Sans surenchérir, Brute s'adressa à la Commandante :

– Quant à vous, je vous connais suffisamment pour savoir que vous ne pouviez laisser passer l’affront de Second.

– Et j'ai largement mentionné mes regrets, je ne voulais pas, je n'avais juste pas le choix, rappela-t-elle.

Sans surenchérir, Brute termina, pour tous, à voix haute :

– Mon pauvre Second, tout ça pour moi, pour me prouver ta bravoure, j’aurais dû te freiner, je n’ai su le faire, déjà amoureuse et en émois que j’étais. Alors oui, oui je me dois de prendre sa relève. Second, en tant que seconde, je t’honorerai.

– Merci pour ce rappel des faits, est-ce donc un oui, franc et sincère, dicté par ta seule conviction ? Puis-je compter sur ta loyauté et ta fidélité ? s'assura le Capitaine.

– Ne serais-je pas libre ?

– Si, mais libre d’être sous mes ordres… justes et bons !

– Commandante, me laisserez-vous accomplir mon destin ?

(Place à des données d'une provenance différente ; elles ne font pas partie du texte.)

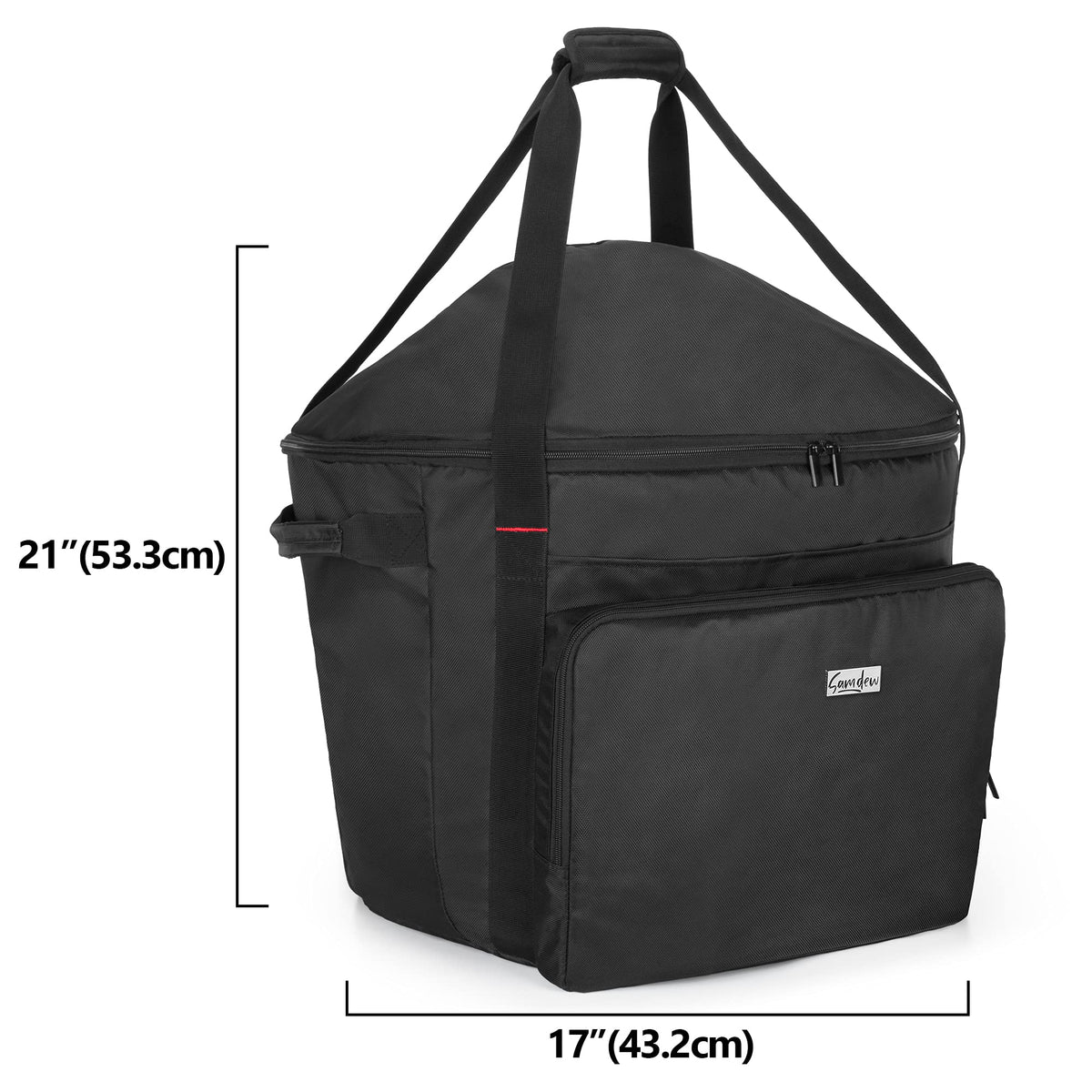SAMDEW bag dimensions 17in by 21in suit 18-inch grills.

– Je te l’ai déjà dit, tout le monde y trouve son compte, vas, tu as ma bénédiction.

– J’accepte d’être votre seconde, Capitaine, clama Brute.

– Par les pouvoirs qui me sont conférés…

– Lesquels ? voulut savoir la Commandante.

– Oh… vous gâchez tout le côté unique et solennel de ce grand moment !

– Navrée, dit-elle toute souriante.

– En tant que Capitaine, juste et bon, en tant que...

– Le Capitaine te destitue de Brute et te nomme Seconde ! abrégea la Commandante.